* **WORK REQUEST**: Starting with the line that contains "Asynchronous Transfer Mode" and stopping after the line that contains "Plot information about", copy the entries below exactly. Include nothing else.

* **DATA UNDER STUDY**:
################
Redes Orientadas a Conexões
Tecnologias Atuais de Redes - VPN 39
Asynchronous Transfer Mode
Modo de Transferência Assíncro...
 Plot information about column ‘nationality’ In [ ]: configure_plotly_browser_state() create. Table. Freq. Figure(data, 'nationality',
################
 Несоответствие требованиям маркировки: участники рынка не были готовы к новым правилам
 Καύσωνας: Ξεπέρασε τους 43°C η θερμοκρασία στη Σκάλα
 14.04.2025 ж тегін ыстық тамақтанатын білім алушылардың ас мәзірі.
################
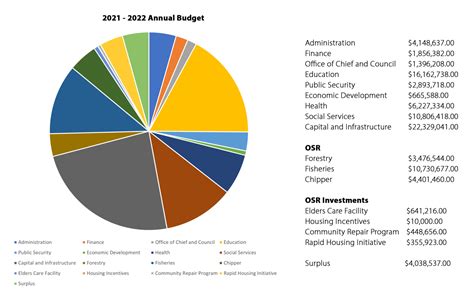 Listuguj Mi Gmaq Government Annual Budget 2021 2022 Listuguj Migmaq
################
* **RESULT OF THIS EXERCISE**:
Asynchronous Transfer Mode
Modo de Transferência Assíncro...
 Plot information about column ‘nationality’ In [ ]: configure_plotly_browser_state() create. Table. Freq. Figure(data, 'nationality',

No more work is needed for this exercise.